Kai Eichinger edited this page Jan 7, 2015 · 4 revisions

Summary

Execute is a little static helper, which makes it easier to dispatch delegates to be run on the UI thread. It wraps Application.Current.Dispatcher, and provides methods to make it easier and terser to use.

It also provides a helper property, Execute.InDesignMode. This is true if and only if the Visual Studio or Expression Blend designer is active, and code is being executed to supply dummy data for design-time display.

A high-level summary of the methods it offers is given in the table below, with more in-depth explanations given after.

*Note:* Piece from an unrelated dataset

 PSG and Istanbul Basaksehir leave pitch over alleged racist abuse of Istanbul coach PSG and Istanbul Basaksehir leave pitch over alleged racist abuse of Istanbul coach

Method Inline if possible Waits for Completion
Execute.OnUIThread
Execute.OnUIThreadSync ✔ (Blocks)
Execute.OnUIThreadAsync ✔ (Task)
Execute.PostToUIThread
Execute.PostToUIThreadAsync ✔ (Task)

Inline if possible: The method will check if the current thread is the UI thread. If it is, the delegate will be run synchronously. If it isn't, then it will be dispatched to the UI thread in some form.

Waits for completion: Either blocks until the delegate has finished executing, or returns a Task which completes when the delegate has finished executing.

Details

Execute.OnUIThread

Checks to see whether the current thread is the UI thead. If it is, the delegate will be run synchronously. If it is not, the delegate will be dispatched to the UI thread, to be run at some point in the future. In this case, Execute.OnUIThread will not wait for the delegate to complete.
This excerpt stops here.